═══ Data extracts
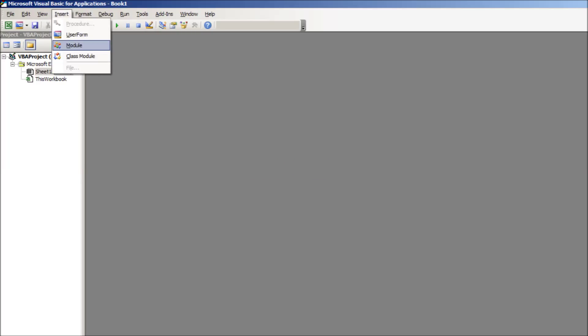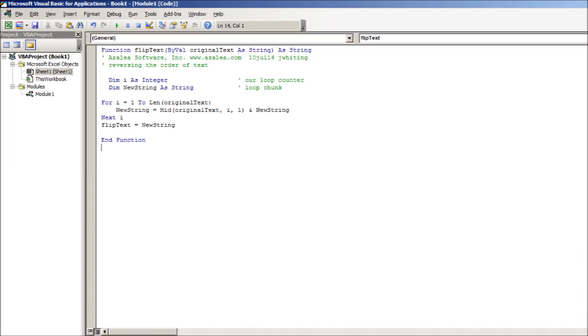Choose Insert, then Module. Paste the macro text into the module.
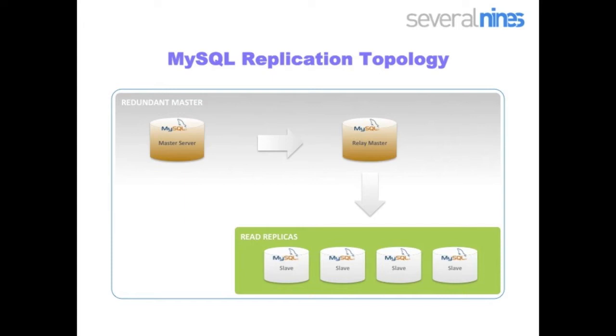When using the Configurator, you do not need to add any slaves. It is enough to just set up the master and the relay master. And from the cluster control web interface, you can then add or remove slaves.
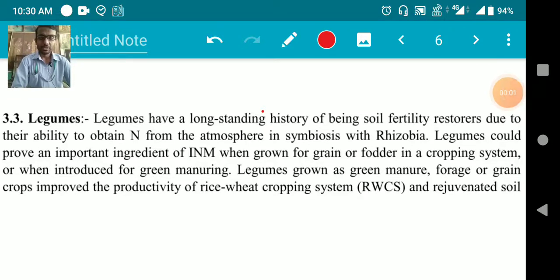Good morning everyone. This is Dr. Mohita Roda and today we are discussing the remaining INM component.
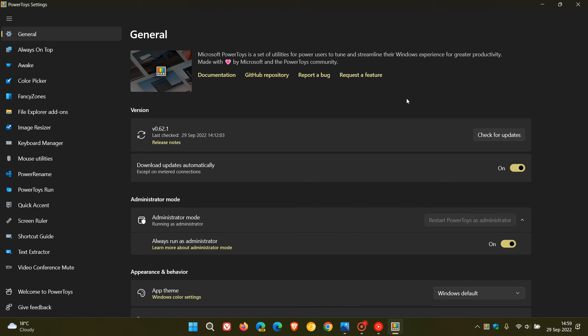And just in case you are unaware, PowerToys is a set of utilities that helps you tune and streamline Windows for greater productivity. And you can download PowerToys for both Windows 10 and 11 from the Microsoft Store.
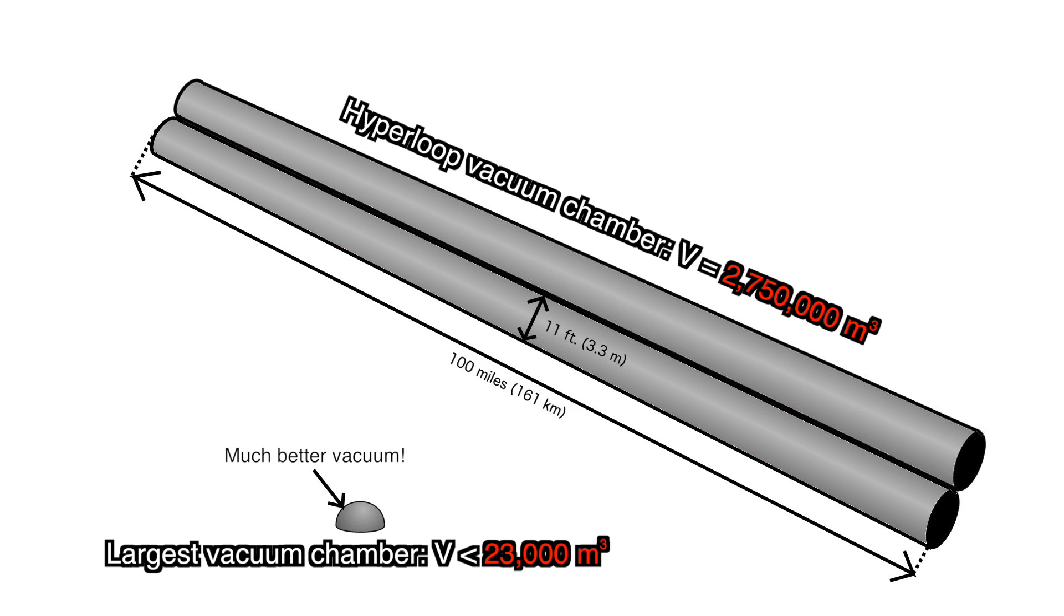That being said, the quality of the smaller vacuum is much higher, and therefore harder to achieve. Its pressure is 15,000 times lower than what's needed for the Hyperloop.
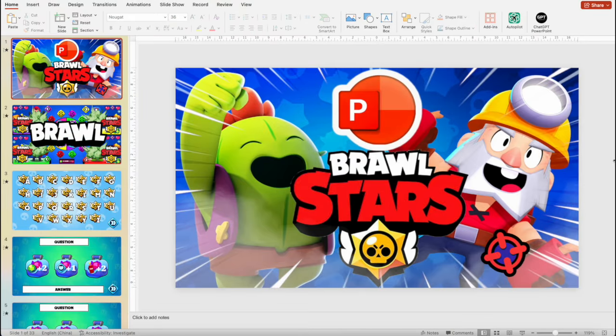Hello everybody, my name is Sergei. Welcome back to another episode of the best PowerPoint games, and today I've got an epic game for you. It's called Brawl Stars Last Standing in PowerPoint.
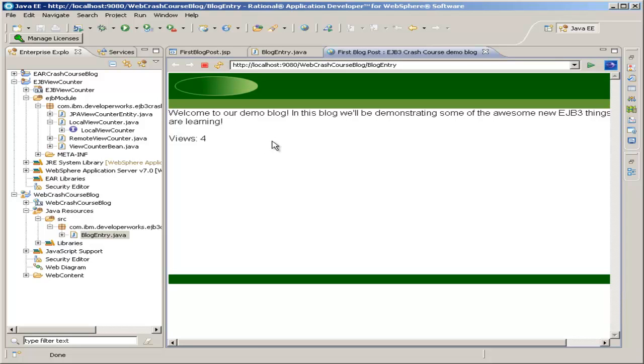Now, you can also try on your own stopping and restarting the WebSphere server. And you'll find that the view count is persistent, because we save it in our Derby database. So it'll stay after any restarts of the server or anything like that.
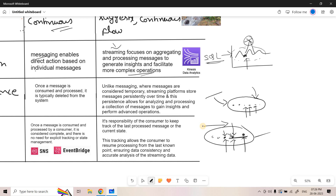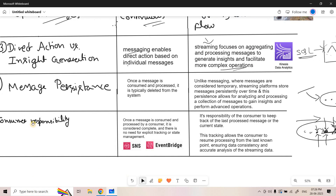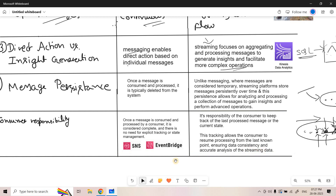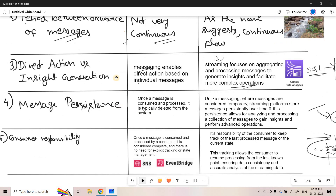In a messaging system, if a message is successfully processed it gets deleted, so the consumer always knows unprocessed messages are still present in the queue. In a streaming system, the consumer is responsible for keeping track of the last processed message and the current state. This tracking allows the consumer to resume processing from the last known point, ensuring data consistency and accurate analysis of the streaming data.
══════
Problem requirements: In the records above, find the line with "And just in" and the line with "That being said, the"; please transcribe exactly those two lines and all lines between them, omitting any picture.

The completed task:
And just in case you are unaware, PowerToys is a set of utilities that helps you tune and streamline Windows for greater productivity. And you can download PowerToys for both Windows 10 and 11 from the Microsoft Store.
That being said, the quality of the smaller vacuum is much higher, and therefore harder to achieve. Its pressure is 15,000 times lower than what's needed for the Hyperloop.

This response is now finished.